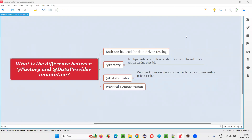Hello all, welcome to this session. In this session, I am going to answer one of the Selenium interview questions — that is, what is the difference between @Factory and @DataProvider annotation? Let me answer.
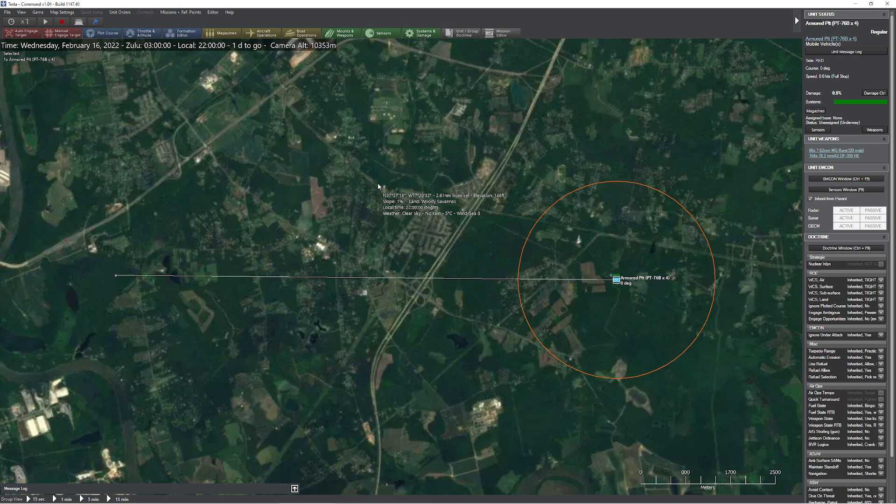Hello everyone, in today's video we're going to be taking a look at something I was playing around with a little bit earlier in Command, and that is the phases of the moon having an impact on visibility.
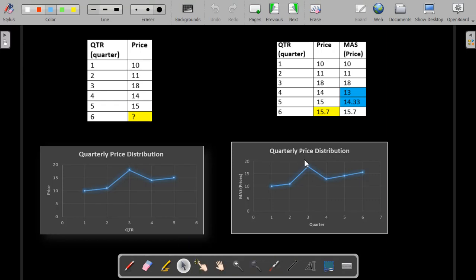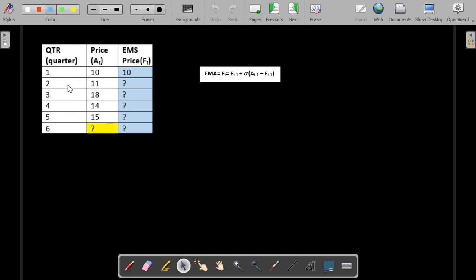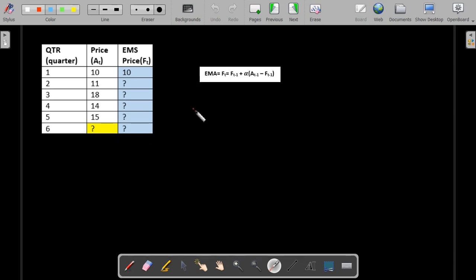The next technique is exponential data smoothing. We are using the same data and we want to find out the value of the sixth quarter. Exponential smoothing requires calculation of the entire dataset rather than just the missing value. The formula is: EMA equals FT, where to calculate the data at time period T, we need the previous value of the data plus some constant value. This constant A is also called the weight, and after applying the weight, we calculate the difference between the original value and the previous period's predicted value.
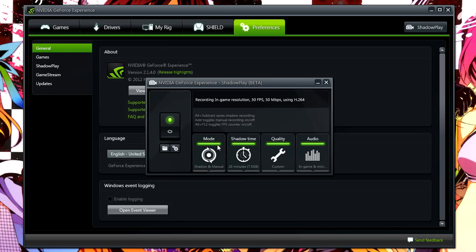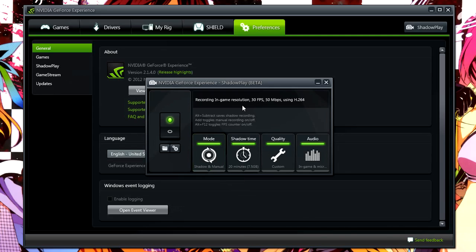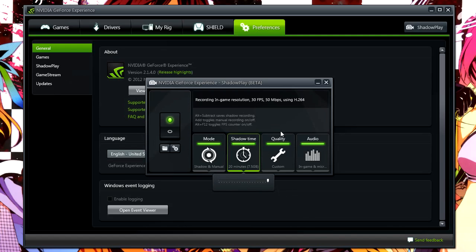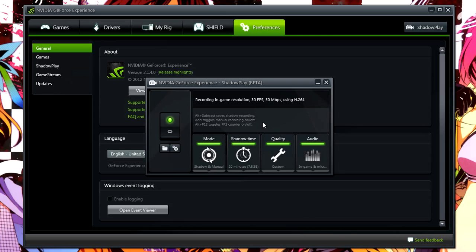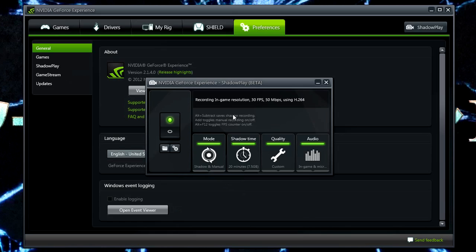But NVIDIA ShadowPlay has a really cool function called Shadow Recording. Now Shadow Recording, it just in the background records your game. And you can set it for a certain amount of time. I've got it set for 20 minutes. You can set it from all the way from 1 minute up to 20 minutes. And as you can see, the file size isn't even that big in my opinion. So it just in the background, it will record and if you get one of these clutch moments, these really cool moments, and you forget to initially record that, you can just do a hotkey, which in my setup is alt-subtract, but you can do it to whatever you want. It will save those last 20 minutes.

PROBLEM:
Leave out the pictures and repeat the lines from the start of the material through the line with "Hello everyone, in", inclusive.

YOUR RESPONSE:
Hello all, welcome to this session. In this session, I am going to answer one of the Selenium interview questions — that is, what is the difference between @Factory and @DataProvider annotation? Let me answer.
Hello everyone, in today's video we're going to be taking a look at something I was playing around with a little bit earlier in Command, and that is the phases of the moon having an impact on visibility.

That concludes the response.